The EJC acted alongside divestment campaigns at Princeton University, Stanford University, Vanderbilt University and the Massachusetts Institute of Technology. Students from the schools, working collectively as the “Fossil Free 5,” filed complaints with their states’ attorney general in partnership with lawyers from the Climate Defense Project, an organization that aims to support climate activists with legal counsel. The UPMIFA has been passed in every state except Pennsylvania.
Representatives from Connecticut Attorney General William Tong’s office declined to comment on the meeting, writing in an email to the News that the office is “reviewing the questions raised in the [complaint].”
In addition to Frye-Mason, representing the complaint signatories were UPMIFA scholar and former SEC Commissioner Bevis Longstreth, Climate Defense Project attorneys Alex Marquardt and Ted Hamilton GRD ’22, global energy transition researcher Daniel Cohn, Ward 14 Alder Sarah Miller ’03, director and Climate Museum founder Miranda Massie GRD ’92, Yale Forward co-founder Scott Gigante GRD ’21, New Haven Rising leader Elias Estabrook ’16, architecture professor Keller Easterling and EJC organizers Molly Weiner ’25 and Josie Steuer Ingall ’24.
Members of Attorney General Tong’s executive staff and assistant attorney generals from the Charities Unit represented the Attorney General’s office.

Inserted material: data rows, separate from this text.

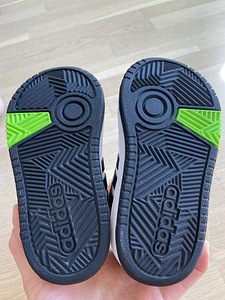 Новые кроссовки adidas 24 s. (3 фото из 4)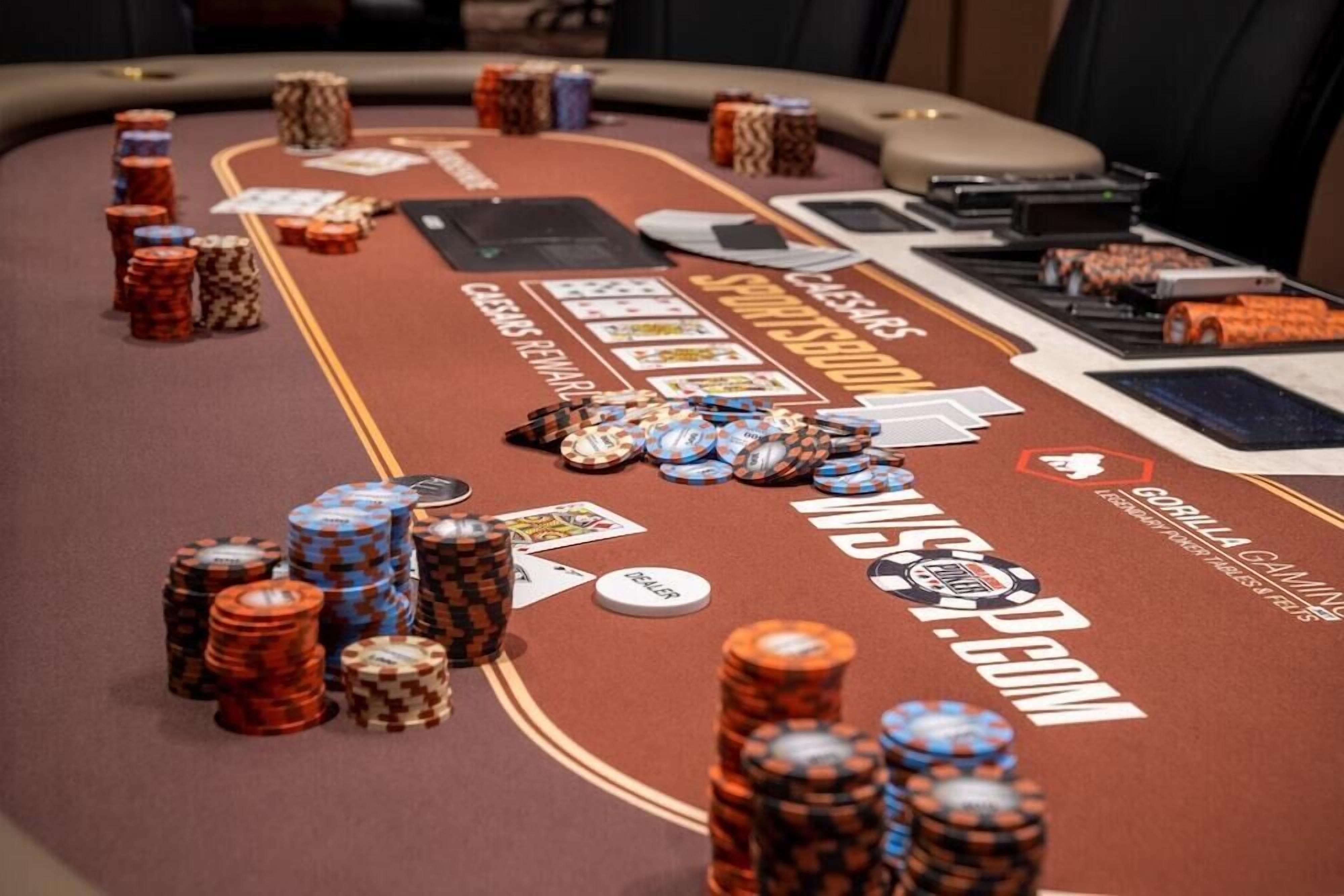 Una mesa de casino con fichas de póker, cartas y el logotipo de "Gorilla Gaming".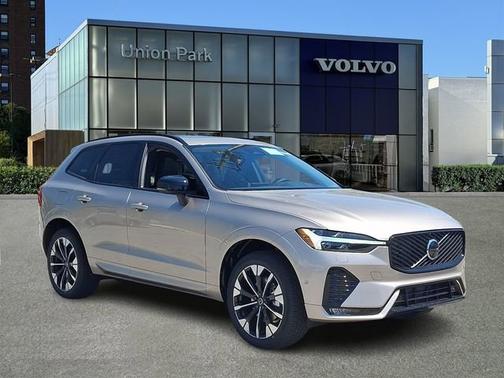 Bright Dusk Metallic 2026 Volvo XC60 Plus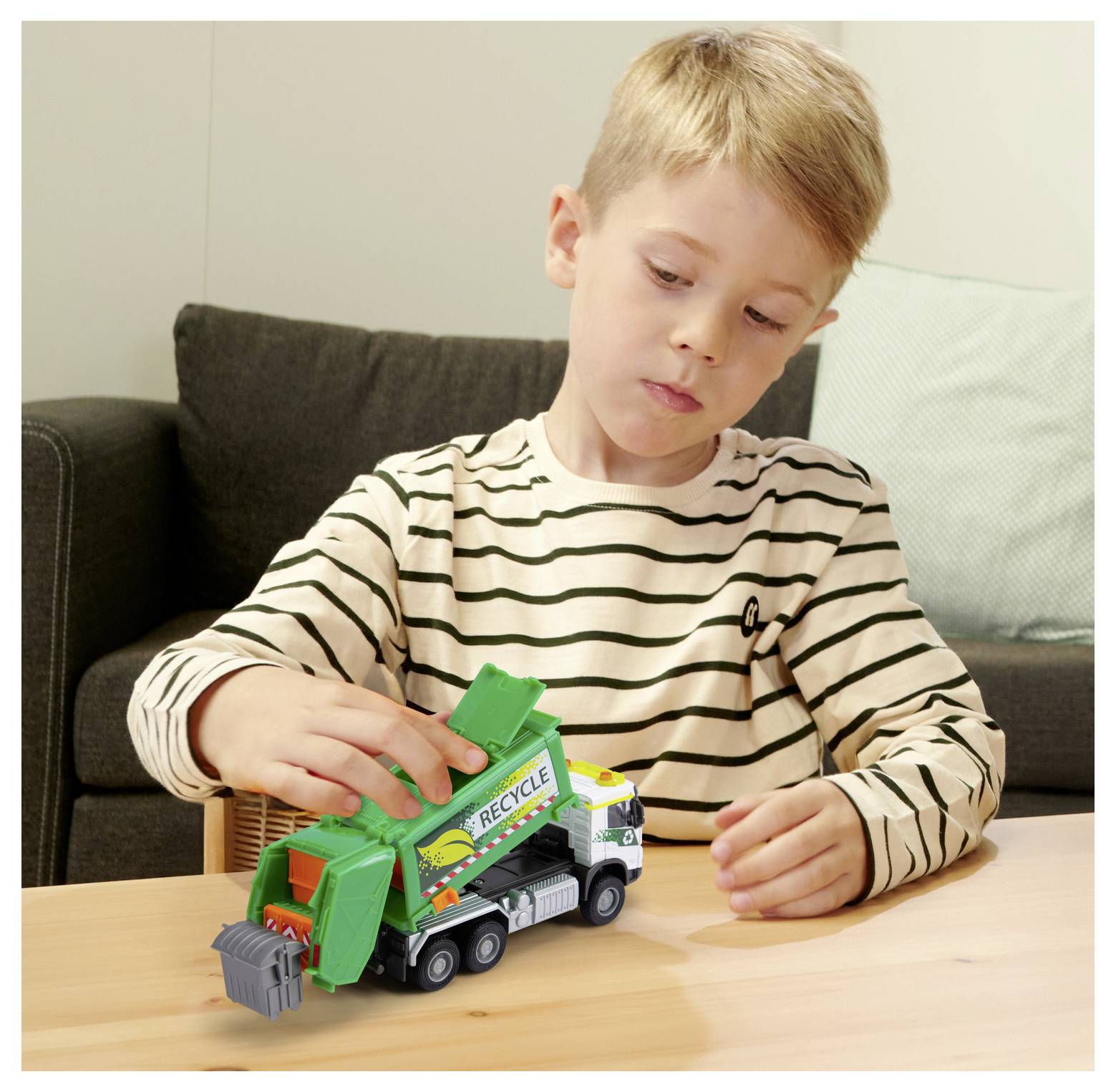 Majorette Volvo FMX Truck Garbage Collector modèle fini Modèle réduit d'engin de chantier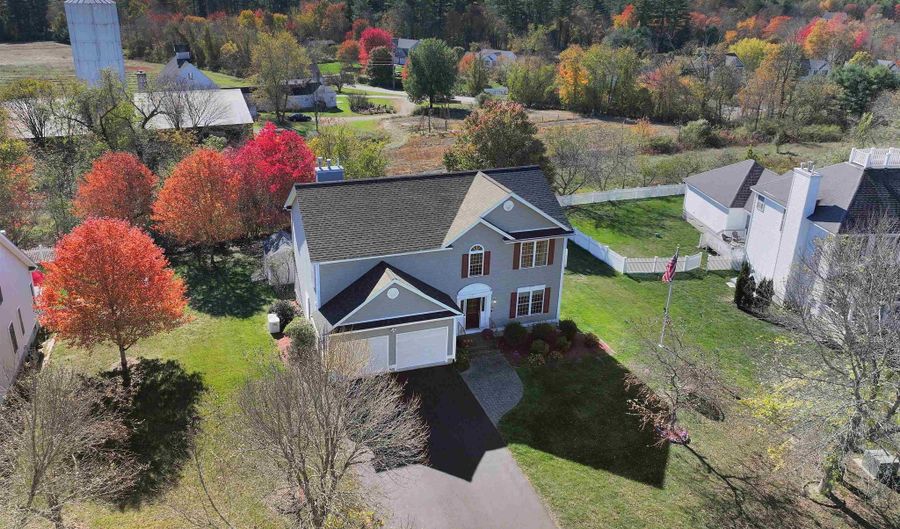 16 Summit Rd, Bedford, NH 03110 - 3 Beds, 3 Bath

Tong himself did not appear at the meeting.
The UPMIFA states that Yale must invest with “prudence,” “loyalty” and with consideration for broader “charitable purposes.” The EJC claims in their press release and complaint that these fiduciary mandates are “undermined by the continued embrace of an industry misleading the public, masking financial and ecological peril, [and] attacking scholars (including Yale’s own).” The EJC holds that Yale is also acting in a manner contrary to its public mission statement: “Yale is committed to improving the world today and for future generations …”
When asked to comment on the complaint, University spokesperson Karen Peart directed the News toward Yale’s Fossil Fuel Investment Principles, a list of fossil fuel producers no longer eligible for University investment, new carbon reduction targets and former CIO David Swensen’s 2020 update on climate change.
“The property tax exemption Yale is entitled to as a nonprofit leaves New Haven residents on the hook for millions of dollars in lost revenue every year,” Steuer Ingall said in the press release. “The University shouldn’t be able to turn around and invest that money in an industry that’s rapidly making life on our planet unlivable.”
Steuer Ingall also underscored the importance of the EJC’s alliance with New Haven Rising, a progressive community organization “of residents committed to winning economic, racial, and social justice through collective action.”
New Haven Rising submitted an auxiliary report to the EJC’s legal complaint on March 11.
“We see ourselves as part of a larger movement against the financialization of academia,” Steuer Ingall wrote. “The Yale Model, which is a hugely influential, highly corporate paradigm for elite universities, was born here. We see Yale’s fossil fuel investments as a particularly egregious example of a larger pattern of bad faith behavior, prioritizing profit over mission.”
The Yale Model, developed by Swensen, is a framework for institutional investing that favors broad diversification of assets and allocates less capital to traditional U.S. equities and bonds and more to alternative investments like private equity, venture capital, hedge funds and real estate.
Yale’s investment strategy depends heavily on alternative investments, and, as of 2019, they made up about 60 percent of Yale’s portfolio. The EJC argues that “these non-traditional asset classes are linked to things like fossil fuels and Puerto Rican debt.”
The Yale Endowment Justice Coalition led a game-delaying divestment protest during the 2019 Yale-Harvard football game.
Correction, Dec. 16: A previous version of this article misattributed a quote to a representative of New Haven Rising. The quote was actually given by Josie Steuer Ingall ’24. The article has been updated to correct this.